Task description >> What I need is an exact repeat of the lines from the one with "Abbildung von Thomas" through the end of the listing below. Leave out every picture.
─── Available data
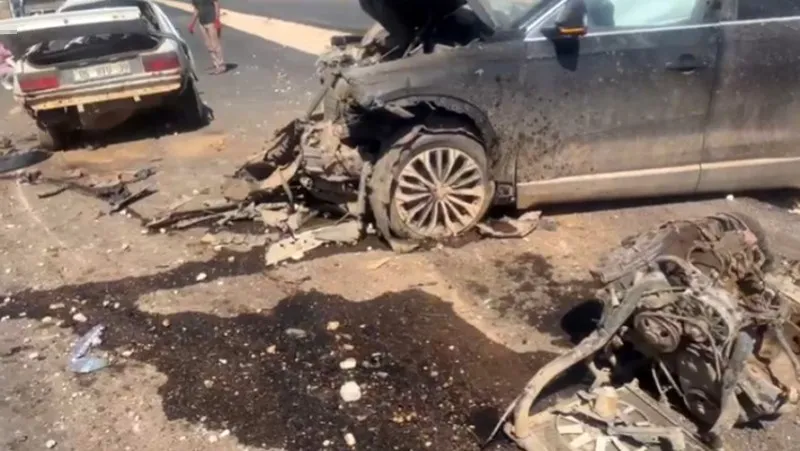 TOGG Kazada Hurdaya Döndü: 1 Ölü, 2 Yaralı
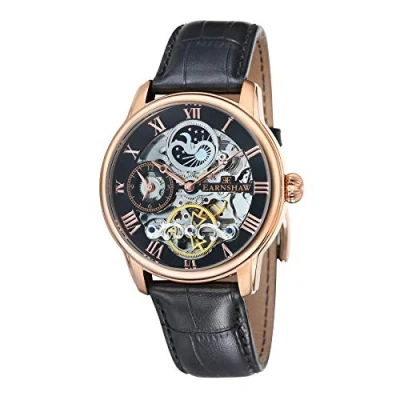 Abbildung von Thomas Earnshaw Herren Armbanduhr Longitude Analog Automatik
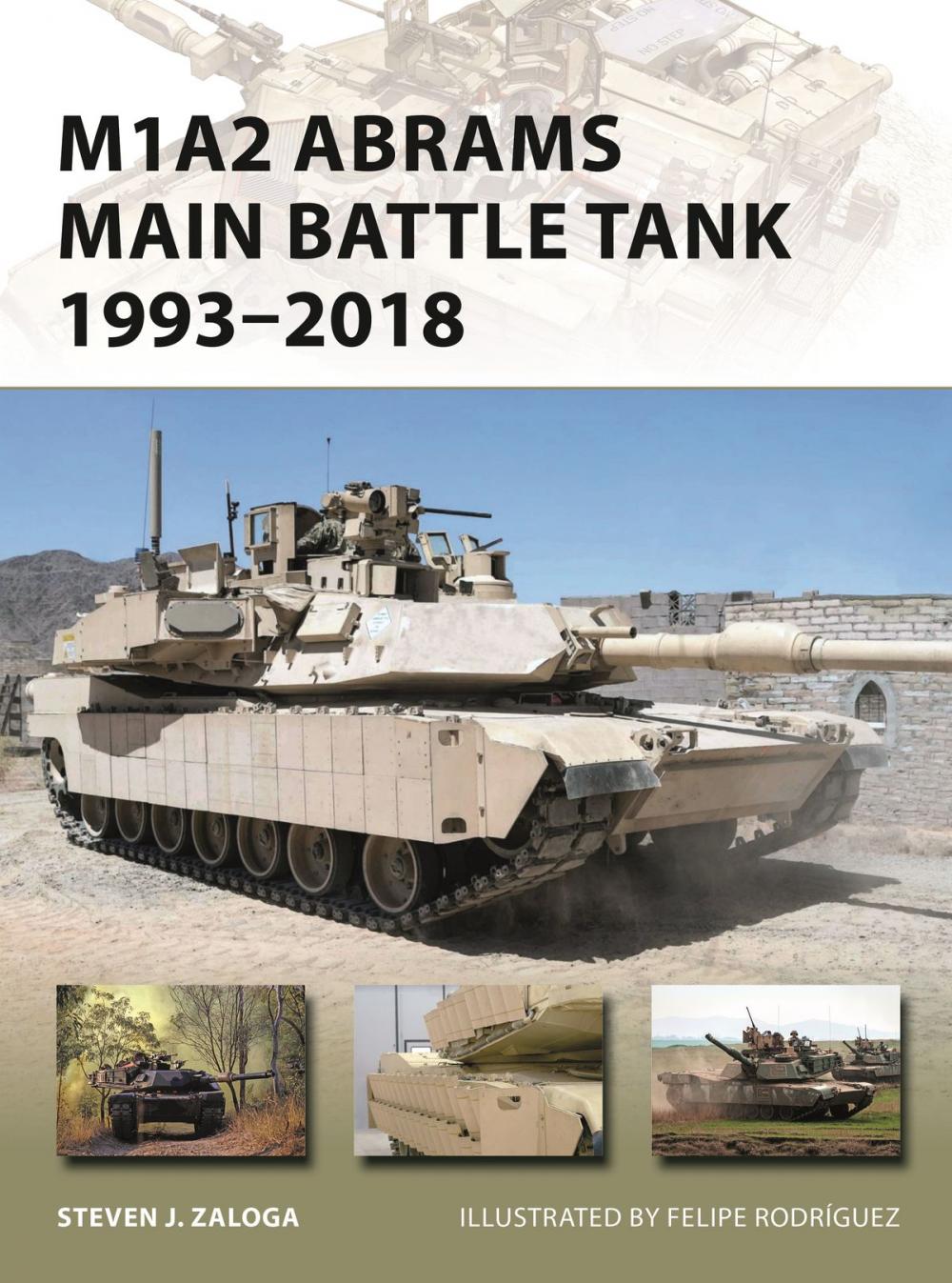 Big bigCover of M1A2 Abrams Main Battle Tank 1993–2018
──────
Written solution >>
 Abbildung von Thomas Earnshaw Herren Armbanduhr Longitude Analog Automatik
 Big bigCover of M1A2 Abrams Main Battle Tank 1993–2018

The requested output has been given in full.